The excitement of election night may wear off, but the new political alignments now create their own hustle and bustle. Republicans win the House; Democrats hold the Senate. House Speaker-presumptive John Boehner wipes tears of joy from his eyes and gets ready to plan the repeal of the “monstrous” health care law. The aides of ousted Congresspeople look for new jobs.

But there are forces more inexorable than the political powers of the U.S., and those forces have no regard for what happens at the polls or in the statehouses or in Washington. Climate change moves on, melting glaciers and ice caps, destabilizing temperatures, drying up soil and water. And not just in Africa. Most of the U.S. is in the grip of drought; in some parts of the South and West it’s become the new normal. Drought is making inroads even in normally water-rich New England, in Massachusetts, in the Valley.

On October 10, people of all ages all over the world celebrated actions they were taking to keep the global temperature from rising even faster; to see pictures of events from every continent, go to www.350.org. People with far less education and information than most Americans know that no task of governments or peoples is as urgent as slowing climate change. If we can.

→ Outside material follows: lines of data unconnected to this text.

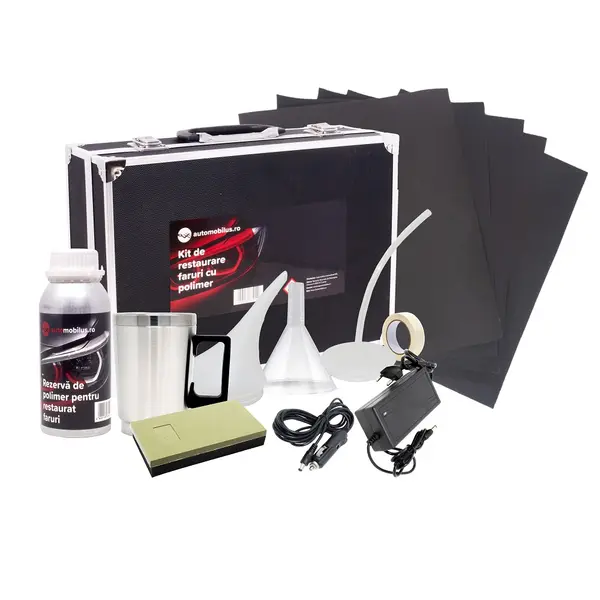 Kit restaurare faruri cu polimer lichid Automobilus - include 600ml substanta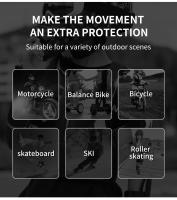 Chaleco De Armadura Para Niños WOSAWE Protector De Espalda Y Pecho Para Motocicleta Equipo De Protección De Motocross Con Esponja Antichoque - details 9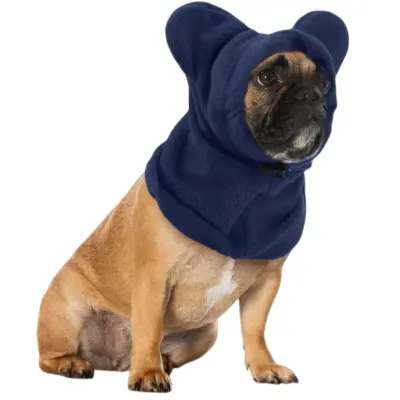 Plišast Zimski Klobuk za Hišne Živali - Topla Pasja Ruta z Glusniki za Umirjanje Blue L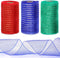 3 Rolls Mesh Ribbon, Christmas Deco Mesh Metallic Red Green Navy Blue Mesh Ribbon Rolls for Wreaths, Gift Wrapping, Party Decorations (6 Inch x 10...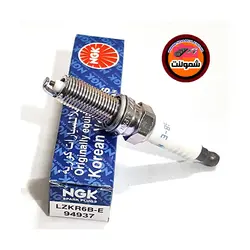 یک دست(4عدد) شمع ان جی کی ژاپن NGK جعبه آبی مدل 94937 LZKR6B-E پایه بلند یورو4 مناسب Rio 1.6 2014~17 کیاریو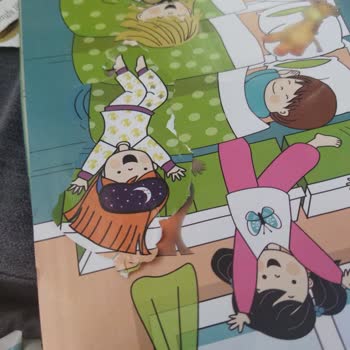 Minika Çocuk Minika Yapıştır Tamamla Dergisinin Etiketleri Yırtılma Sorunu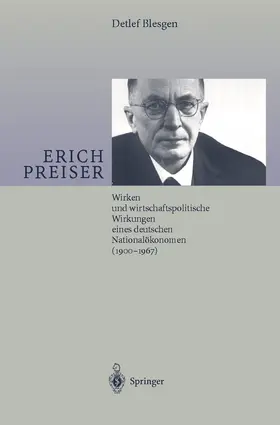 Blesgen | Erich Preiser | Buch | 978-3-642-63537-3 | www.sack.de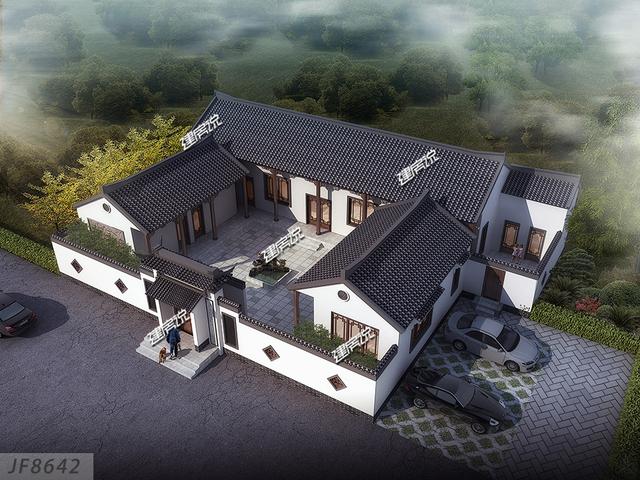 中國最好看中式四合院別墅設(shè)計圖，占地方正，四平八穩(wěn)，左右對稱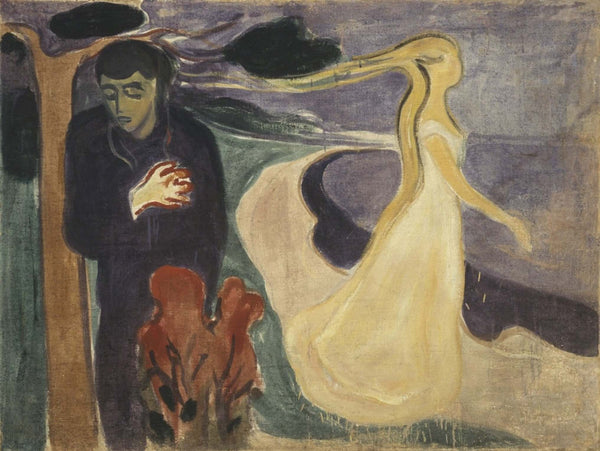 Gustav Klimt-Tod und Leben tablo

At just this moment, the nation with the most potential to lead the effort gets a new wave of Congresspeople, and a new leader in the House, who don’t know what schoolchildren in Namibia know about the urgency of this matter. Last month Congressman Frank Lucas told a host on radio station KTOK in Oklahoma City that if Boehner had been Speaker of the House since 2008, “there would never have been a global warming bill passed in the House, Obamacare would never have been signed into law, we wouldn’t have the bank reregulation bill.” Newly elected Senator Ron Johnson (R-Wisc.) believes global warming is “just sunspot activity.” Freshly minted Pennsylvania Rep. Joe Toomey says there is “much debate in the scientific community as to the precise sources of global warming.”

The economy is the current crisis. But without water, arable land and a stable climate, in the long run there will be no economy. The real question about the election is not whether it brought Capitol Hill more Republicans or more Democrats, but whether it brought more people with farsightedness and imagination. The early indications are not encouraging.